For competition, Leaderboards are an ideal way to generate that tension by sharing a subset of information about other players (often those close to the current player's score) via a single call to the service. Since it's possible to return other profile elements, such as statistics and tags, using the Profile View Constraints, you can present a rich set of information about these other players. But it's important to not iterate over the list of all players in the leaderboard, trying to read additional information from each, as this would rapidly multiply the total number of profile reads, driving up your costs.
For games that use cross-player data directly in the session, the most common optimization is to read only the information about the few specific players with whom the local player is interacting. For real-time action games, this is usually done on the server hosting the session. For others–such as games where players can attack each others' bases–the most common approaches are to either read all that data onto the local device or to send the local player only the subset of the other player's data that the local player should know. Games that do the former use server-side logic to evaluate the final results the client sends. Games that do the latter update the data iteratively over the course of the session with more data, when the local player should have access to it. But even then, they also use server-side logic to evaluate the final results. Again, the tipping point in deciding whether this should be done through script or on a hosted server is down to frequency. If it's more than a few times a minute, you're better off using a hosted server for the portion of the session that requires that data.
Economy and Inventory
Inventory, and economy in general, requires a different approach. There's no avoiding the fact that if a player is giving up something of real (money) or perceived (virtual currency or consumable containers) value, they have an implicit expectation that the transaction will be honored. For any game with in-app purchases, an increment to the profile meter for a purchase made by the player with real-world currency is a trivial cost. In many types of games, inventory updates are infrequent enough to pose little concern for greatly increasing your overall usage. But for those with more frequent inventory updates–even if you don't have in-game monetization–there are optimization tricks to help reduce your costs.
A best practice is to only think of inventory in the literal sense, as reasonably finite inventory. For example, in an incremental (or "idle") game, it can be tempting to think of each resource that the player acquires as an item, incrementing the total number each time the player purchases another of it. But that model breaks down rapidly, as you calculate the frequency with which players take those actions. Right away, you would have to deal with each player hitting the meter hundreds or even thousands of times in a session. For situations like this, it's better to think of those elements as User Data, and to update it to the service using the recommendations in the Profile section above.
When it comes to games that have higher rates of update to inventory, we're back to the question of data timeliness. For example, an action game might track on the number of bullets a player has, but the backend data for that "stack" of bullets doesn't need to be updated with every pull of the trigger, especially if the game state is managed in a hosted server. Stackables give you a performance and cost advantage, since you can represent many virtual instances of an item as a single actual instance with a count. You can often aggregate changes to stacks of items over time and update them at the end of a session, or periodically throughout the session. When updating a stack, it's a good idea to call Player Item Management - Modify Item Uses to check whether you can just change the count of the stack, rather than adding N instances of the item which must each be processed for addition to the stack, then cleaned up.

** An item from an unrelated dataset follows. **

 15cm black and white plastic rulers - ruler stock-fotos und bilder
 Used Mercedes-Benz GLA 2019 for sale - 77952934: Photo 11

By their nature, certain game genres, such as collectible card games, do need to update the player inventory at a somewhat higher rate. But even here, there are still opportunities to aggregate inventory changes and reduce the total usage on the profile meters. For example, in games that use drop tables, the design frequently employs a container that has one or more "pulls" from each of several different drop tables. Typically, if these pulls are only an occasional action the incremental cost is small enough to not cause concern. But if players can collect many of those containers, and open multiples in a short period of time, you could provide an "open N" or even "open all" option. In that case, you use PlayFab CloudScript using Azure Functions or your custom game server to either query Player Item Management - Get Random Result Tables for the set of drop tables or call Player Item Management - Evaluate Random Result Table without generating the inventory items. You could then update the player inventory far more efficiently by only adding instances where needed, and then updating the count of item stacks for the rest.
Content and Configuration
Where the Profile is primarily about the player, Content and Configuration is primarily about the title. A number of title-level components, such as Push Notifications, email services, and Title News are all included in this meter. In addition though, this is the meter used to track on Entity File usage. Similarly, requests for the URLs for uploading and downloading CDN files are tracked on this meter, though it's important to clarify that CDN costs are separate, and are billed based on the total gigabytes downloaded as described in Content Delivery Network (CDN). The calculation of the Content and Configuration read and storage meters are similar to the Profile meters in that they're based on the size of the data, though obviously the units are significantly larger than 1 KB. For the Content and Configuration write meter, it's solely based on the total number of write operations, with each incrementing the meter by 1.
As a side note, the Entity File system is the recommended service for large data, whether it's associated with the title, a Group, or an individual player. For games with large data saves per player, the Entity File system is generally more cost effective; though do bear in mind that the frequency of those updates has an impact on usage that is tracked. It's best to optimize the number of Files you need against the frequency with which they need to be updated.
In terms of optimizing costs on the Content and Configuration meter, the most important thing to keep track of is the frequency with which your title must request its own rarely changing configuration data. Primarily this is Title Data, which is commonly used to manage aspects of your games that are the same across all users, such as game balance/tuning data, achievement definitions, localization data, and so on.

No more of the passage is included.